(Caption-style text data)
Segment Open

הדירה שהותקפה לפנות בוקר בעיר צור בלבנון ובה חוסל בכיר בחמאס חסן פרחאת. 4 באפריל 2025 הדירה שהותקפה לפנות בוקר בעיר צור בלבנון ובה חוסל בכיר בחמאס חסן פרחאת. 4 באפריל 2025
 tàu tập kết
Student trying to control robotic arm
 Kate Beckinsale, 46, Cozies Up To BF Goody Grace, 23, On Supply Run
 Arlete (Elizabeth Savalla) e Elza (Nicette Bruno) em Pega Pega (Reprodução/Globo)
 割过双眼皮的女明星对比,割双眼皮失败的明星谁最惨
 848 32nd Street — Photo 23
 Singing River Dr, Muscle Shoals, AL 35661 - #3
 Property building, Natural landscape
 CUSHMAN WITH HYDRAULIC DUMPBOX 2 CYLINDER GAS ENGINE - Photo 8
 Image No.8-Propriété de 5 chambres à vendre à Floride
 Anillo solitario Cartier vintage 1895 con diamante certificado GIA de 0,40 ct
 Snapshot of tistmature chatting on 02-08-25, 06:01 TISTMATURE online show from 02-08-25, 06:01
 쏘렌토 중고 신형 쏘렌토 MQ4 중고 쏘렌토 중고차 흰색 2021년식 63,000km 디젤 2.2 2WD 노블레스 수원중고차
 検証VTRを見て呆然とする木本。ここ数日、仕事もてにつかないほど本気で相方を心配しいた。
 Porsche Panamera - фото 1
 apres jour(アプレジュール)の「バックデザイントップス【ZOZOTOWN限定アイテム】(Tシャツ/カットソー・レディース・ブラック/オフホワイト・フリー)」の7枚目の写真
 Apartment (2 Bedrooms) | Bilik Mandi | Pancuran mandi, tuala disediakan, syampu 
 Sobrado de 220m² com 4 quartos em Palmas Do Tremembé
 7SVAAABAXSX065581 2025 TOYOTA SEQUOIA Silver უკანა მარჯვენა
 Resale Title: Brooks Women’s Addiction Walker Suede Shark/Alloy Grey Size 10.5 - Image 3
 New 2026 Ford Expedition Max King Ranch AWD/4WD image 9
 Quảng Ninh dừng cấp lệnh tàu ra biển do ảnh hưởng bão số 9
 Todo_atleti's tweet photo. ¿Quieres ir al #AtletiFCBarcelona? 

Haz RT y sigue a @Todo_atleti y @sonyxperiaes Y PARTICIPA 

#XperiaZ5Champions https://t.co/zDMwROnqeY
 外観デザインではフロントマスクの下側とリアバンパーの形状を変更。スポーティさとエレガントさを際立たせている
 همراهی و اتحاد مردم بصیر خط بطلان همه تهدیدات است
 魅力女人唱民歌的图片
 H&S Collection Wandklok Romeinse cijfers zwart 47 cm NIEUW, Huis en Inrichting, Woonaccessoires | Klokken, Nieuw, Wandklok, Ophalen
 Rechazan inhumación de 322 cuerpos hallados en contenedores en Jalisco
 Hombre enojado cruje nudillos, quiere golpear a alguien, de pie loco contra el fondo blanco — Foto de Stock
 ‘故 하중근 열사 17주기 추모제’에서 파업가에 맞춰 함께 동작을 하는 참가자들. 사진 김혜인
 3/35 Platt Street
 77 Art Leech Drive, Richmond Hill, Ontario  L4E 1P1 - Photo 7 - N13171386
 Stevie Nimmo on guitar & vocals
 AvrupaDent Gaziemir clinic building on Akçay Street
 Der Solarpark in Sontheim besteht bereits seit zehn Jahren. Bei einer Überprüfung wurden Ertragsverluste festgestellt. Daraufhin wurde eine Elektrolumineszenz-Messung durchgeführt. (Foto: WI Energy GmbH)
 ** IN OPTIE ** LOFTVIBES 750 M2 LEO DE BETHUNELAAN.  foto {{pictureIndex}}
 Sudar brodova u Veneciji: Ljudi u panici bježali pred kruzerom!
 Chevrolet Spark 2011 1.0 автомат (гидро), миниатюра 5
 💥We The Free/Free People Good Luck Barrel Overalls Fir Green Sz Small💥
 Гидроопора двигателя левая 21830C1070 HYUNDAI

Segment Closed

The string "building" may appear in lines of the entries above. Say how many such lines there are, as a number only.

2